Beberapa waktu kemudian, Shiro dan yang lainnya sudah sampai di depan gerbang sekolah. Suasana di wilayah sekitar yang sangat gelap dan sunyi membuat mereka penasaran dengan apa yang sebenarnya telah terjadi.
"Sunyi sekali. Aku bahkan bisa mendengar suara tikus yang berdecit di dalam got tepi jalan." kata Akmal.
"Apa-apaan ini? Tidak ada bedanya dengan di desa.

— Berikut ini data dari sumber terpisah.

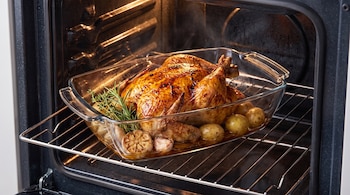 Pollo dorado en recipiente de vidrio sobre la rejilla de un horno, junto a patatas pequeñas, una cabeza de ajo y ramas de romero.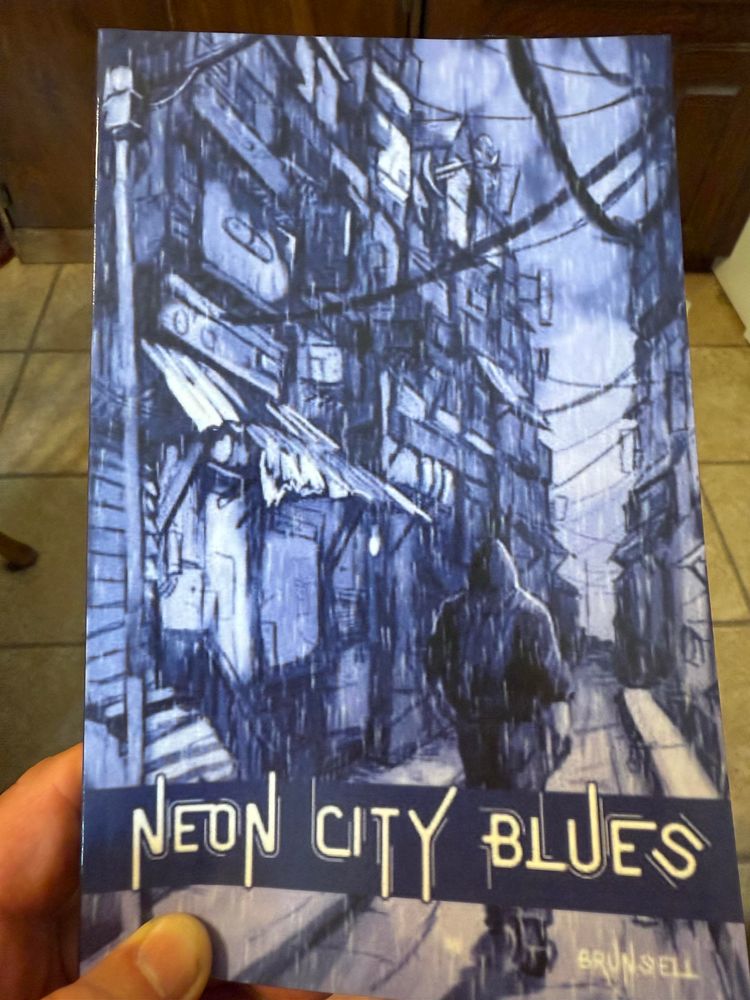 A book cover titled "Neon City Blues," featuring an illustration of a lone figure walking down a rain-soaked alley amidst shadowy buildings and overhead wires, predominantly in blue tones.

Apa pemerintah sudah semiskin Akmal hingga tidak mampu membayar tagihan listrik?" kata Shiro, berdiri di tengah jalan raya dan melihat ke sekitar.
"Apa kau lupa jika kau itu juga miskin?" sahut Akmal, sedikit kesal.
"Lihat itu! Ada cahaya di lantai 2!" seru Dara, menunjuk bangunan yang di maksud.
Akmal melihat bangunan tersebut dan berkata, "Kalau tidak salah, tempat itu adalah...."
"Kantin!!" seru Shiro, kegirangan. "Ayo kita ke sana." kata Shiro, bergegas berlari menuju ke bangunan tersebut.
"Hey, tunggu aku!" teriak Akmal, berlari menyusul Shiro.
Sejenak Dara melihat ke arah barat. Ia termenung dan terlihat cemas. Hingga tidak lama kemudian ia pun mulai berlari menyusul Shiro dan Akmal yang terlihat sudah memasuki gerbang sekolah.